**TRY IT**
If pictures appear in the lines below, skip them and copy exactly the lines from the one containing "semená rajcín, rajciny, san" through the one containing "Foto de casa", and nothing else.

**DATASET EXCERPTS**
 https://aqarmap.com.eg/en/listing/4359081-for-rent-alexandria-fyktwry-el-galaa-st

* * *

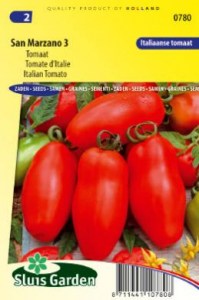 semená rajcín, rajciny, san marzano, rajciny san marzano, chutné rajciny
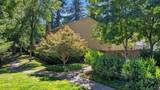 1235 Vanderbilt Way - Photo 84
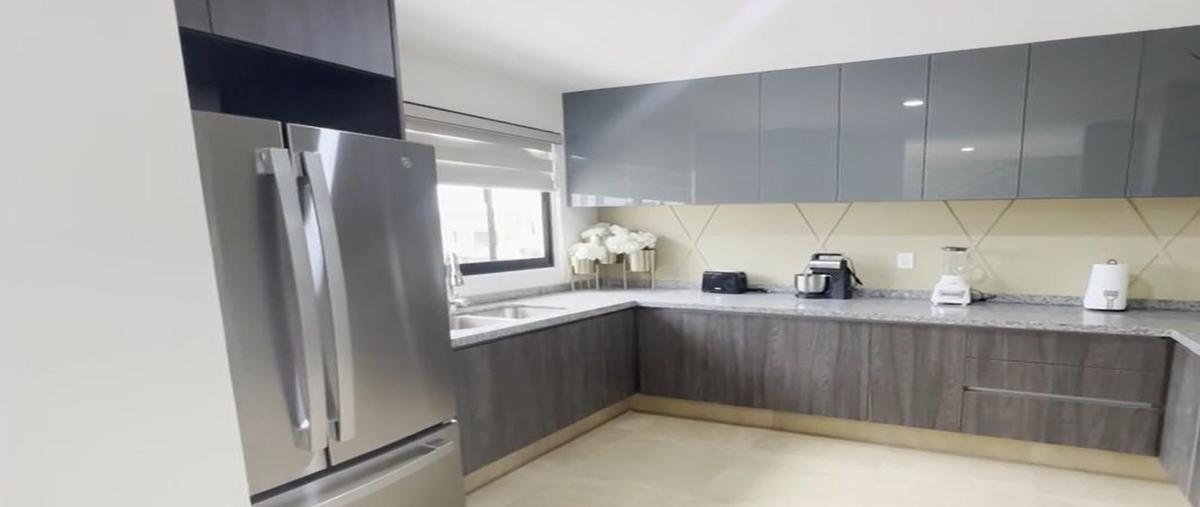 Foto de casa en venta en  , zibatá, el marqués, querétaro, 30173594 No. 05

==

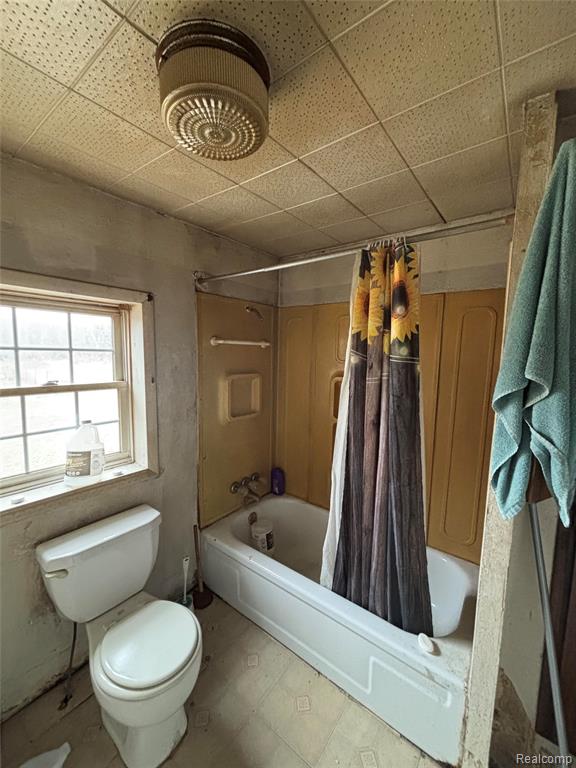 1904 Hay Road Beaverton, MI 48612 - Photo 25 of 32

**THE ANSWER**
 semená rajcín, rajciny, san marzano, rajciny san marzano, chutné rajciny
 1235 Vanderbilt Way - Photo 84
 Foto de casa en venta en  , zibatá, el marqués, querétaro, 30173594 No. 05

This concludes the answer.